En ce qui concerne la légalité de la décision fixant le pays de destination :
Aux termes de l’article 3 de la convention européenne de sauvegarde des droits de l’homme et des libertés fondamentales : « Nul ne peut être soumis à la torture ni à des peines ou traitements inhumains ou dégradants ».
En l’espèce, Mme B… soutient qu’elle serait personnellement exposée à des traitements inhumains ou dégradants en cas de retour en Turquie, en raison de son origine kurde et de l’engagement politique de sa famille en faveur de la défense de sa communauté, et établit que son père a fait l’objet d’une procédure judiciaire et d’une incarcération à raison de sa participation à des activités politiques. Elle soutient également que deux de ses cousins ont obtenu l’asile sur le territoire français. Toutefois, il ressort des pièces produites que les personnes qu’elle présente, sans l’établir, comme ses cousins, ont obtenu l’asile à raison du risque de persécution pour leur refus d’effectuer leur service militaire pour des motifs de conscience. De plus, si Mme B… produit des clichés photographiques la représentant, censés établir ses activités politiques, ni ces pièces ni celles relatives à l’acquittement de son père par la Cour d’appel de Gaziantep du délit intitulé « être membre de l’organisation terroriste armée » ne permettent d’apprécier la réalité et l’ampleur des conséquences de telles activités sur sa sécurité et son intégrité personnelle. Ainsi, les pièces produites par Mme B… ne suffisent pas à établir qu’elle serait personnellement exposée à des traitements inhumains et dégradants alors qu’au demeurant, au vu de celles qui leur ont été présentées, ni l’Office français de protection des réfugiés et apatrides, ni la Cour nationale du droit d’asile n’ont fait droit à sa demande d’asile. La seule circonstance que cette demande d’asile a été présentée après que le tribunal administratif de Paris a, par un jugement du 14 juin 2024 non revêtu de l’autorité absolue de chose jugée, annulé la décision du 11 juin 2024 par laquelle le ministre de l’intérieur et des outre-mer avait rejeté sa demande d’admission sur le territoire français au titre de l’asile, n’est pas de nature à établir la réalité d’un tel risque.
Il résulte de tout ce qui précède que les conclusions à fin d’annulation de l’arrêté du 28 mars 2025 doivent être rejetées.
Sur les conclusions à fin d’injonction :
Le présent jugement, qui rejette les conclusions à fin d’annulation, n’implique aucune mesure d’exécution. Par suite, les conclusions susvisées doivent être rejetées.

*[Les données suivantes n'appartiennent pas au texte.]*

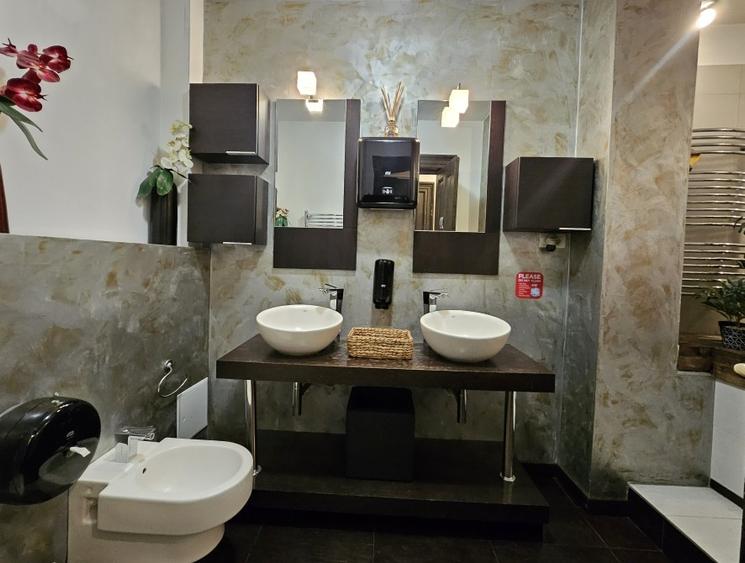 Vila cu arhitectura Cismigiu - 8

Sur les frais liés au litige :
Les dispositions de l’article L. 761-1 du code de justice administrative font obstacle à ce que soit mise à la charge de l’Etat, qui n’est pas, dans la présente instance, la partie perdante, la somme que Mme B… demande au titre des frais exposés par elle et non compris dans les dépens.
D E C I D E :
Article 1er : La requête de Mme B… est rejetée.

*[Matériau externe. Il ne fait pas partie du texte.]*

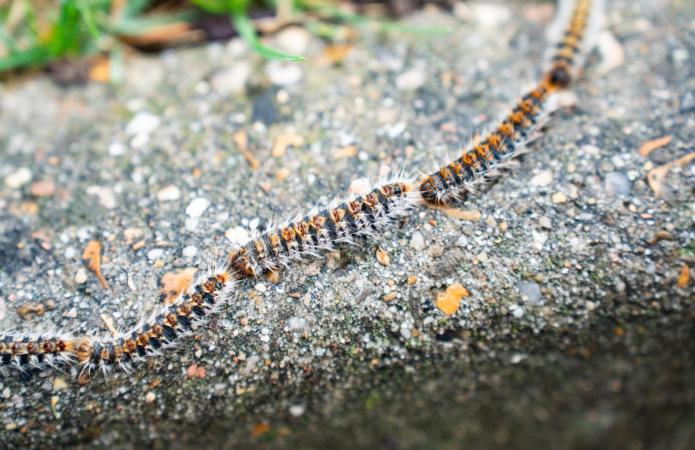 chenille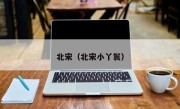 北宋（北宋小丫鬟）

Article 2 : Le présent jugement sera notifié à Mme C… B… et au préfet de Seine-et-Marne.
Copie en sera transmise au ministre de l’intérieur.

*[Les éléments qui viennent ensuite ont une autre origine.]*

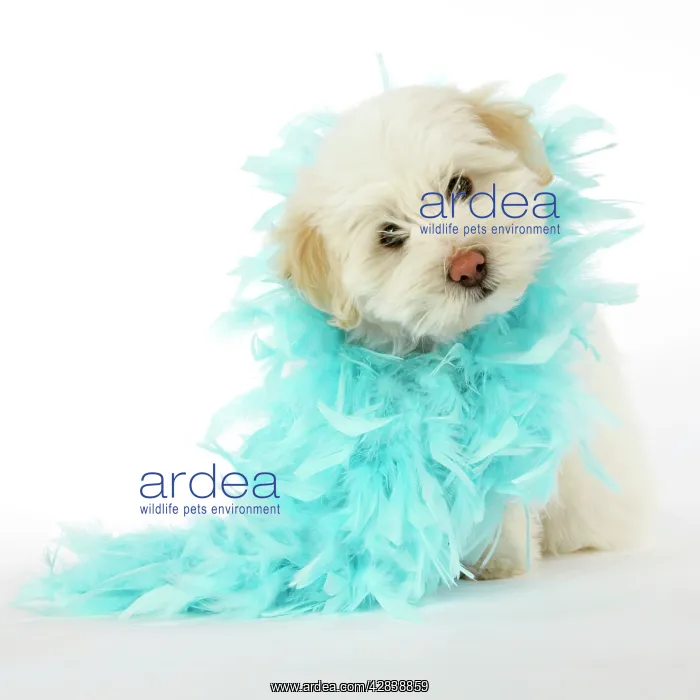 : DOG - Coton de Tulear puppy (8 wks old) wearing : DOG - Coton de Tulear puppy (8 wks old) wearing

Délibéré après l’audience du 18 décembre 2025, à laquelle siégeaient :
Mme Billandon, présidente,
Mme Massengo, première conseillère,
Mme Bourrel Jalon, conseillère.
Rendu public par mise à disposition au greffe le 15 janvier 2026.
La rapporteure,
C. MASSENGOLa présidente,
I. BILLANDONLa greffière,
C. TRÉMOUREUX
La République mande et ordonne au préfet de Seine-et-Marne, en ce qui le concerne, et à tous commissaires de justice à ce requis en ce qui concerne les voies de droit commun contre les parties privées, de pourvoir à l’exécution du présent jugement.